If you want fast primes, the Fuji system is amazing with their fast glass. There are some really good fast lenses for m4/3 as well, though they won’t give you as shallow depth of field if you’re into that. Sony has some very good lenses, but nothing faster than f/1.8.
The a6000 is a really nice camera, though I prefer my X-T1 to it for most things. It’s very subjective, though, and what works for me may not work for another shooter. Perhaps it may be worth renting your top few for a few days at a time with a nice lens and see how they fit you. Sure, it’s not a super cheap outlay to try three systems, but it will probably be worth it to get what works best for you, considering the potential future investment in glass.

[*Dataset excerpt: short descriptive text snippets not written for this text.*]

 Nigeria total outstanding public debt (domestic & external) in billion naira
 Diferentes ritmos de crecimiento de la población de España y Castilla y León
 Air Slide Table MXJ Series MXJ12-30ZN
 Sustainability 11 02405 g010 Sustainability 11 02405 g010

Love your reviews. Trying to decide between the A6000 and the GX7. Both can be had for reasonable prices. I’m looking to step up from a Canon G15. I like aspects of both cameras but am having a hard time deciding. I like taking landscape photos and pictures of my 2 1/2 yr old daughter as well as random photos around NYC. Any advice would be appreciated.

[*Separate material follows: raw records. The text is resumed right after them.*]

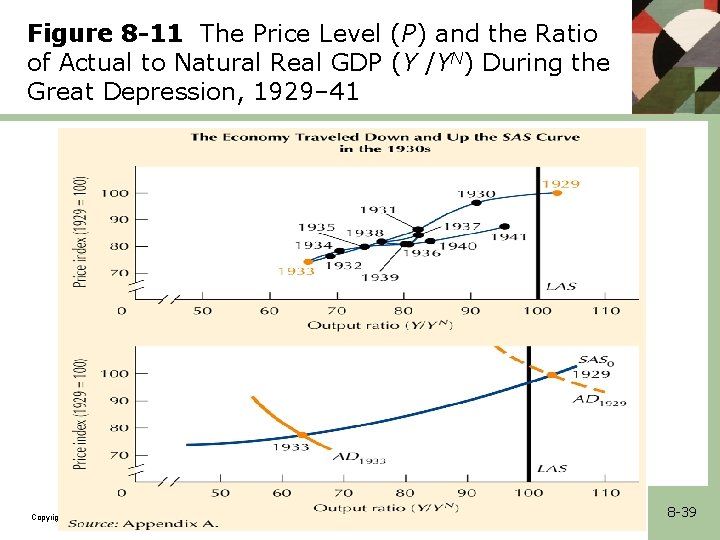 Figure 8 -11 The Price Level (P) and the Ratio of Actual to Natural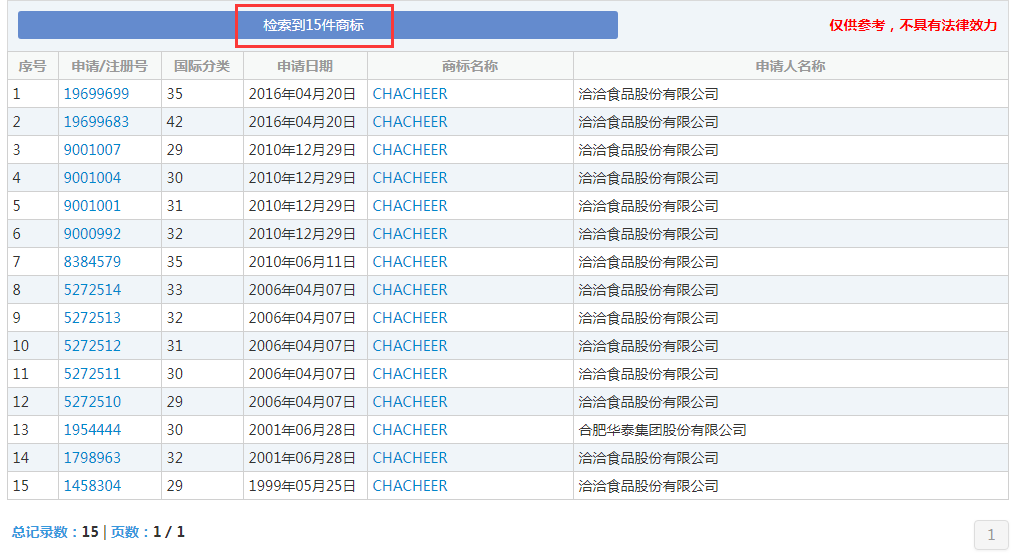 那個做商標海外維權的洽洽，怎么了？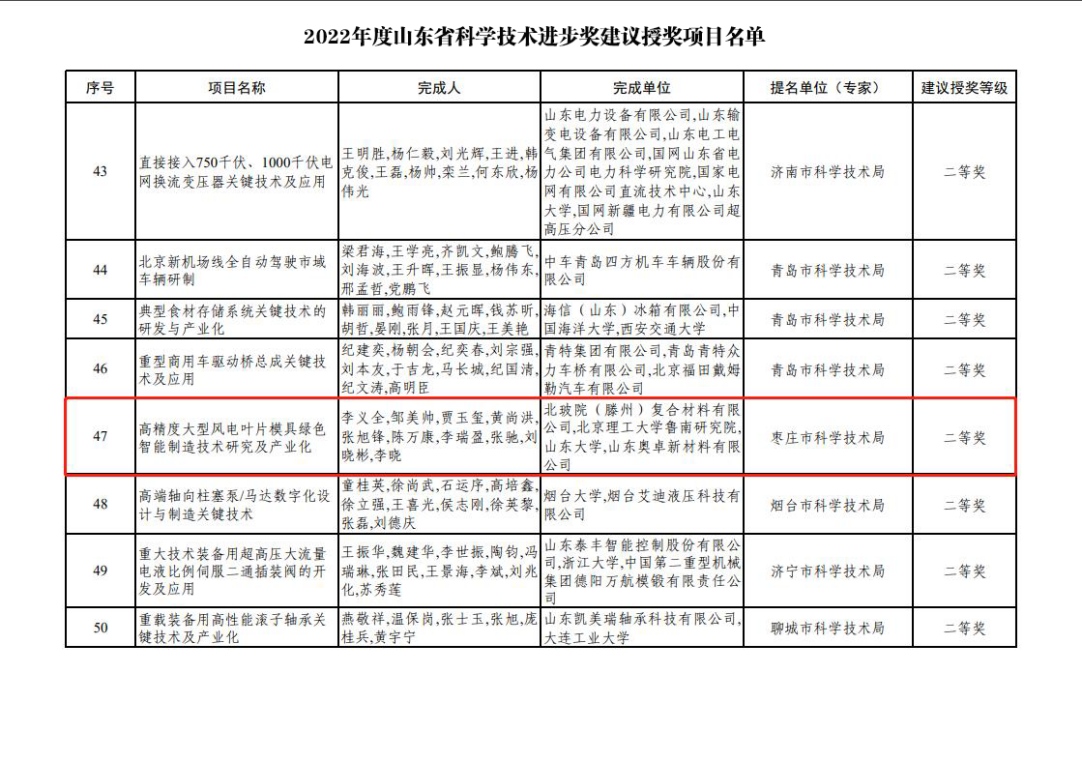 奥卓新材&ldquo;高精度大型风电叶片模具绿色智能制造技术研究及产业化&rdquo;项目荣获山东省科技进步二等奖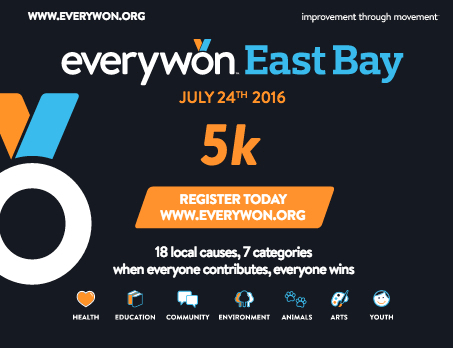 Everywon Race - 6-6-16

It’s really hard to go wrong. The a6000 will have slightly better image quality, but the lens selection for m4/3 is significantly better. If you’re after action shots of your kids, the a6000 will track motion better than the GX7, though the GX7 will be faster in single shot focusing mode.

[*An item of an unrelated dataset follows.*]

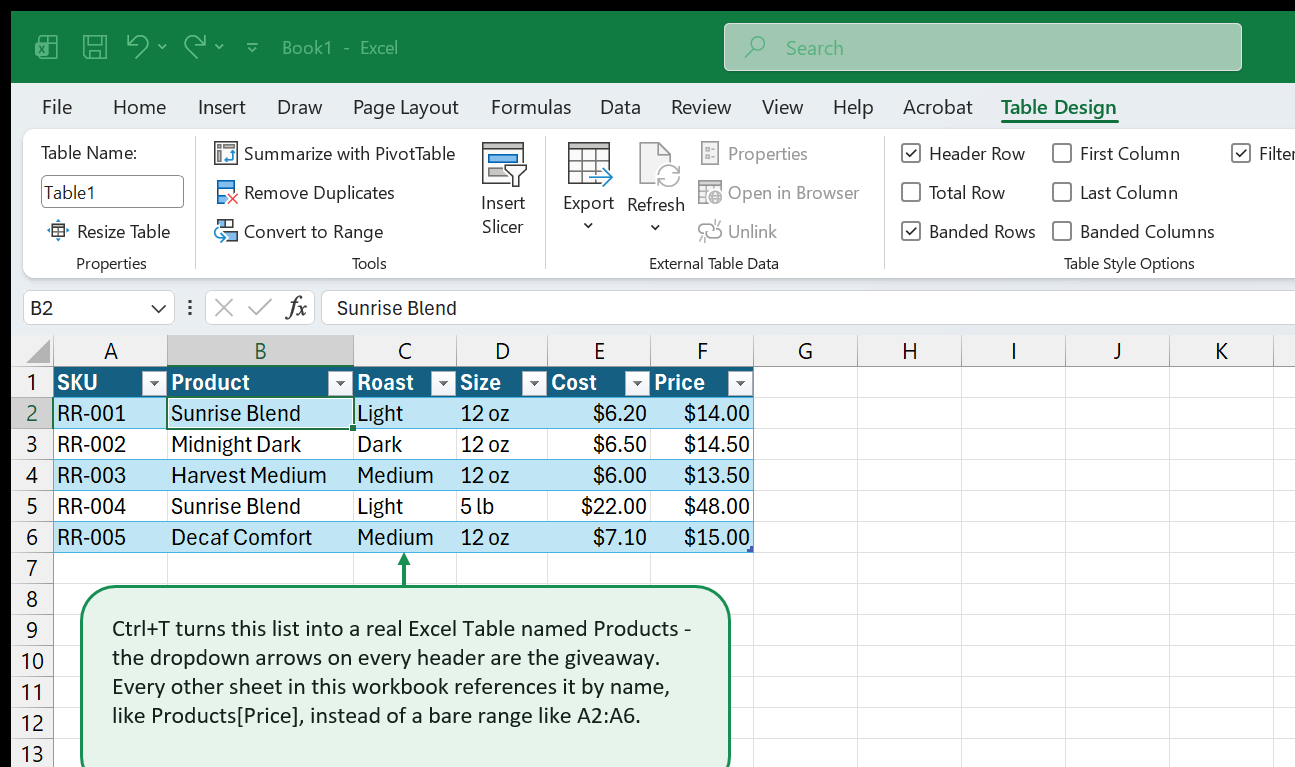 Well-designed workbook with structured layout and formatting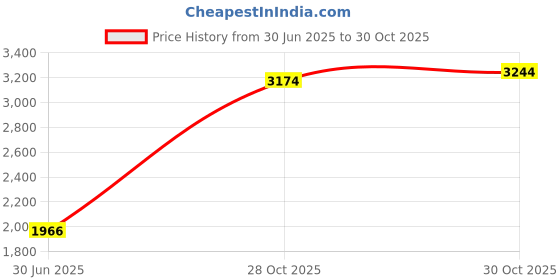 amazon.in mikidoo 5pcs 16mm Fogger Ultrasonic Ceramic Disc Sheet Atomizer Humidifier Accessories Price History Graph from 30 Jun 2025 to 30 Oct 2025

Which better one is better for landscape? A6000 or XT-10?
Apparently this Sony series has no real Macro option that is worth a discussion.
Seem to be great for portraits and landscapes, but Macro shooters need not apply.
I don’t think that’s a fair assessment. There aren’t a lot of APS-C only lenses for this, but there are definitely some high quality options.
Sony has three lenses that do 1:1 reproduction that are native E-Mount lenses. The decent (but not great) 30mm f/3.5 macro is the worst of the three. The FE 50mm f/2.8 Macro is brand new, reasonably priced and has excellent optics from what I’ve read (I plan on reviewing this lens fairly soon). And finally, the FE 90mm f/2.8 macro (my review here) is absolutely fantastic. Sure, it’ll be big on something like the a6000, but it’ll also give you great working distance and truly outstanding image quality.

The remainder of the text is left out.